Со временем Лёха перестал, как он не без презрительной усмешки говорит, «оказывать туристические услуги» всем кому ни попадя и к себе разрешает приезжать только проверенным друзьям и приятелям. Уважаешь тишину и покой — можно. Орёшь, пьёшь, жить мешаешь — вон отсюда. Одного браконьера, помнится, так отколошматил веслом, что другие охотники руку жали, а приехавшие было полицейские взяли под козырёк. Так что порядок здесь хранится всерьёз и с уважением.
С Пааво они сдружились, когда обсуждали… высоту заборов. Что один, что другой согласились: чем выше и плотнее забор, окружающий дом, тем меньше хочется общаться с его, дома, обитателями. Потому как стремление человека к закрытости и возведение крепостных стен вокруг своего логова говорят, во-первых, о недоверии к окружающим, а во-вторых, об излишней зацикленности на себе, любимом. Если ты отгородился от всего мира, не здороваешься, людей вокруг не замечаешь, не жди ответного уважения. Помощи, кстати, тоже. Вот, как мне показалось, главная тема их вечерних посиделок на рыбалке. Сошлись характерами, в общем.
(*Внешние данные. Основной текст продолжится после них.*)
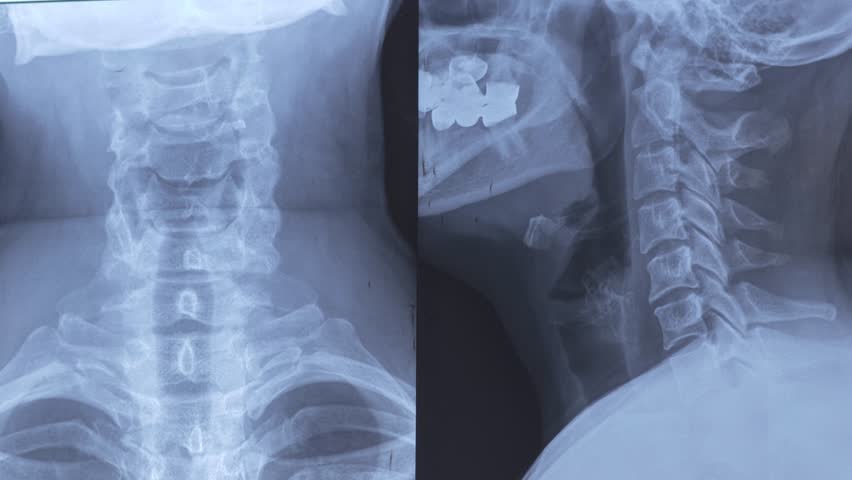 X-ray with cervical lordosis. P-signs of osteochondrosis of the cervical spine Def. spondylosis, spondyloarthrosis. Examination of the cervical spine diseases.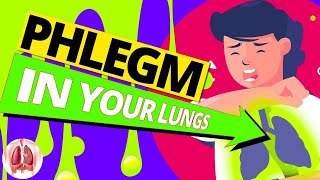 Top 10 Ways to Get Rid of Constant Mucus and Phlegm in Your Throat [upl. by Swart]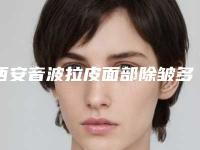 西安音波拉皮面部除皱多少钱呢？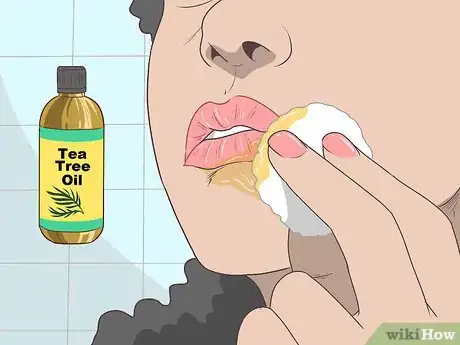 Immagine titolata Treat a Cold Sore or Fever Blisters Step 15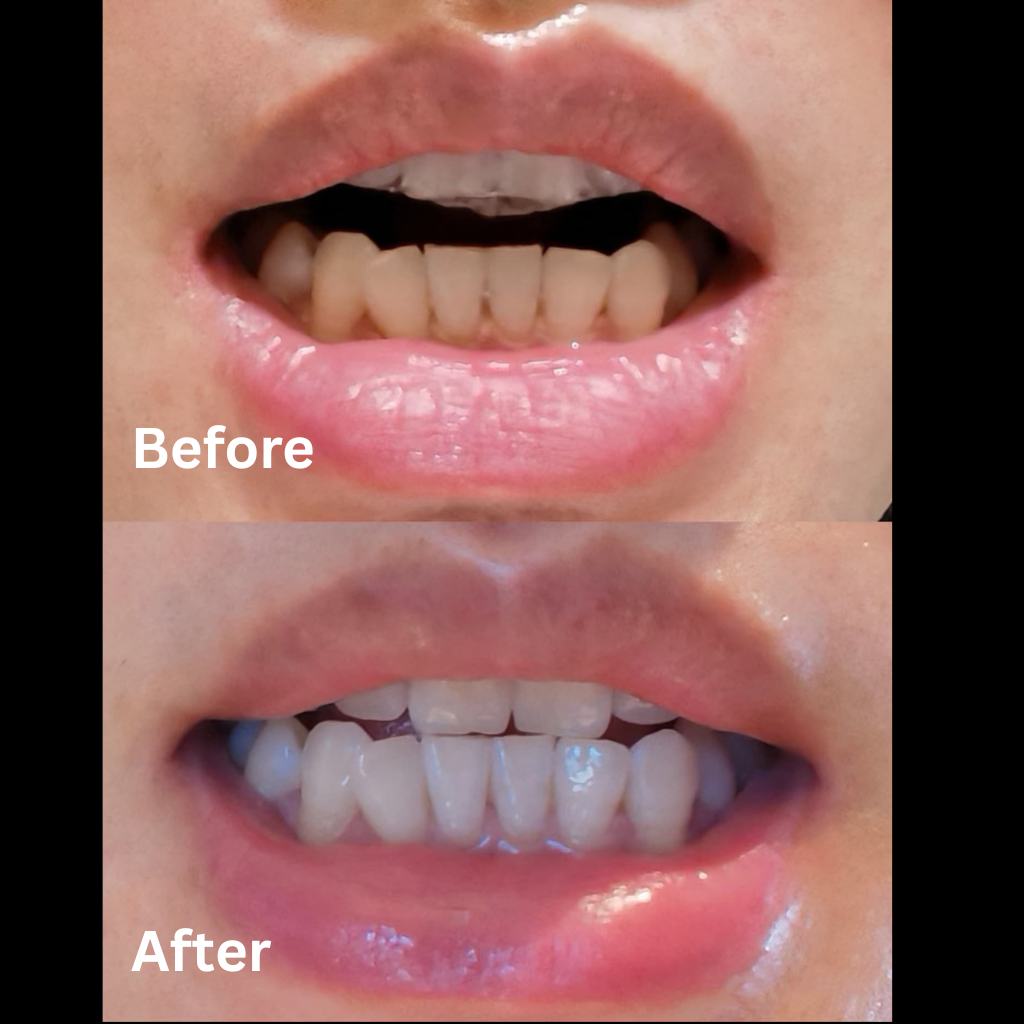 Premium Aiveen Whitening Kit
Лёха довольно много рассказывал об истории своего Кубенского края. Он ведь ещё и рассказы пишет. Есть смешные (какая деревня без них), а есть и грустные. Но все — добрые, жизнеутверждающие, я бы сказал.
Пока мы ценили лёхино литературное творчество, заедая его же творчеством кулинарным (кубенский курник с судаком был в этот вечер), он спросил, были ли мы уже на Спасе Каменном. «Как это не были? — возмутился. — Быстро спать, а завтра я вас отвезу. Путешественники, тоже мне».
Ранним утром мы уже были на причале, сели в моторку. Лёха вёл её спокойно — «хотел, чтобы мимо красота не промчалась», как он сообщил. Действительно, такое нельзя пытаться увидеть на дикой скорости: тихая мощь озера, встающее солнце, тайга, и всё это в осеннем уже достойном спокойствии — ну, какая тут суета? Сиди, внимай и помалкивай.
Дыхание захватило, когда Лёха вывернул из протоки на просто озёра, и перед нами открылся тот самый Спас Каменный, о котором он говорил. Маленький вроде островок, даже меньше его хутора, а на нём — самый настоящий монастырь. Мал золотник, да дорог: монастырь, как мы узнали, во-первых, один из древнейших на Европейском Севере вообще, а во-вторых, духовное его наследие, да и нынешнее служение, и богатое, и значительное. Основан он был в далёком XIII веке, то есть на самой заре христианского просвещения Севера — следовательно, он старше даже знаменитых Соловков и Валаама. («Даже Валаама!»— выдохнул Пааво.) Островные обители — это отдельная тема для разговора, об этом потом расскажем. Здесь, в Преображенском монастыре, был самый настоящий центр христианского просвещения — был и скрипторий, и огромная библиотека, и архив. Кстати, после таких открытий уже без особого удивления слышишь, что в Средние века основное население окрестных земель было грамотным. Расскажут в монастыре и о святых, которые здесь жили. Понимаешь: люди во все времена одинаковые — те же радости, те же скорби, те же добродетели и те же грехи. Кто что выбирает. «Тут всё, как с заборами», — заметил Лёха. Справедливо заметил. Мы много думали, пока ходили по этому крошечному острову, но разговаривать особо не хотелось: тишину любят не только тайга и озеро, оказалось. Было о чём помолчать.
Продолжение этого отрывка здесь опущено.